Cotton futures settled marginally higher on Monday in thin trade as the market awaited Friday's release of a government crop report, analysts said. Key March cotton futures gained 0.38 cent to finish at 92.22 cents per lb, moving from 91.54 to 92.80 cents. That was not too far from the Friday band of 90.92 to 92.27 cents.
Volume traded Monday stood at around 7,700 lots, nearly two-thirds below the 30-day average, according to ICE Futures data. "It's absolutely agonising," said Mike Stevens, an independent cotton analyst in Mandeville, Louisiana. "The market's continuing to consolidate right in this area." Traders said the market will likely drift until release on Friday of the US Agriculture Department's monthly supply/demand report.
USDA is expected to reduce its estimate of US 2011/12 cotton production and of US 2011/12 cotton exports.
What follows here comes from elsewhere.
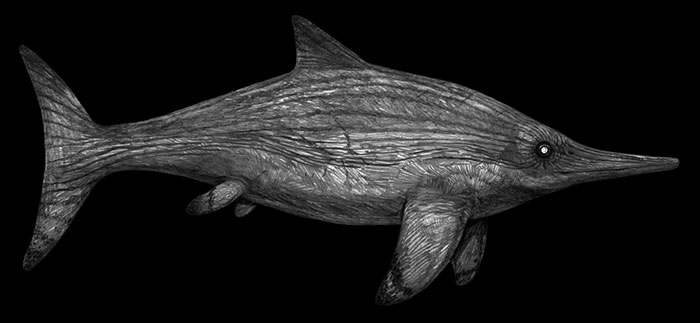 Pencil Illustration Of The Ichthyosaur Acamptonectes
USDA had forecast US 2011/12 cotton production at 16.3 million (480-lb bales) in its November supply data, from 16.61 million bales in its preceding month.
Fiber contracts could also drift right through the year-end holidays, with a pickup in business anticipated by early next year when the next round of mill buying picks up.
Open interest in the cotton market, usually taken as an indicator of investor exposure in the market, came to 137,826 lots on Friday, from the prior session's 137,741 lots, exchange data showed. Volume traded Friday reached 7,901 lots, ICE Futures US data reported.